PROBLEM	accessing features that do not exist on all of the possible types of
	a passed object, e.g. "is this a circle of diameter > 30 ?"

TODAY	explicit type tag
	- inconsistent across user programs
	- cannot be added to imported classes

SOL.1	type switch, similar to value switch
	- functions specific to more specialized class available in case-arm
	- class name used to distinguish type of object

	class_switch x {
		case circle:	
			if (x.diameter > 30) then {
				...
			}
	}

SOL.2	.class member, similar to .this member
	- public data member class, read-only
	- class name usable only in equivalence expression
	- equivalence rules for derived types
	
	if (x.class == circle) && ((circle)x.diameter > 30)) then {
		...
	}

SOL.3	conditional cast, similar to catch
	- if cast is illegal, no action, entire expression returns false
	- if cast is legal, it occurs and rest of block is executed
	- requires new syntax (here represented as double parentheses)
	
	if ( ((circle)) x.diameter > 30) then {
		...
	}

SOL.4	as above, only testing for presence of members, not name of classes
	- avoids dependencies on current class/member structure
	- works for inherited members

The above would require anyone who really intended to abuse the information
to continue to keep his/her own type tags, so this abuse would not be
"blessed".  In fact, I think opportunities for abuse would markedly diminish
if one of the above mechanisms was added.  After all, 95% of your need for
a type tag would be covered, and why would you invent your own mechanism
for that abusive 5% ?  However, if you have to invent your own anyway, or
use a base class library that has its own, you are more likely to take
advantage of it and increase dependencies in your code.  At least IMHO.
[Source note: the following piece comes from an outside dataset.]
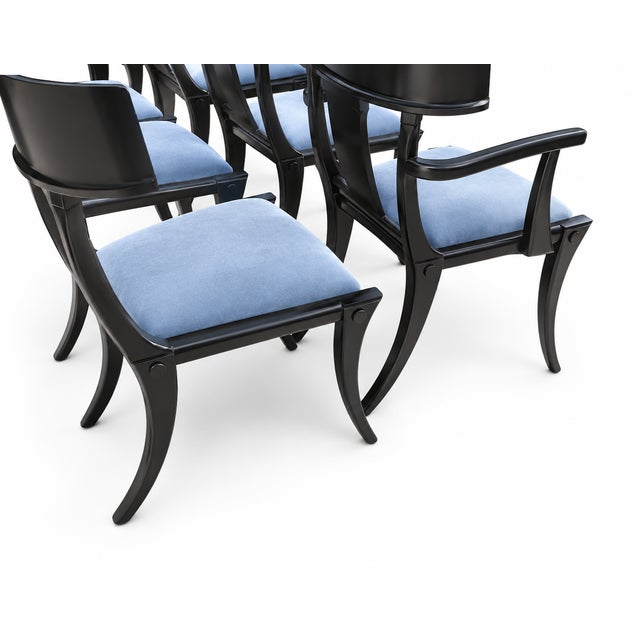 Modern set of Klismos style dining chairs. The set consists of 6 armless and 2 captains chairs. The chairs are well made...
>:committee.  Instead, I think that compiler vendors will add proprietary
>:support for it, and there will be a market free-for-all.  I know that at

This is to be avoided at all costs.  Arg, a grass-roots rebellion against
the language definition... ye gods.  Look what this did to COBOL and Pascal.

>:least one compiler vendor already has implemented such a facility for
>:getting type information at runtime.

I hope whatever they do is supportable as a standard, because you can bet
it'll end up as one.

>:The bottom line is that virtual functions are wonderful things and can
>:almost always be used to achieve what you want, but there are times when
>:you truly *do* need to get type information as you run.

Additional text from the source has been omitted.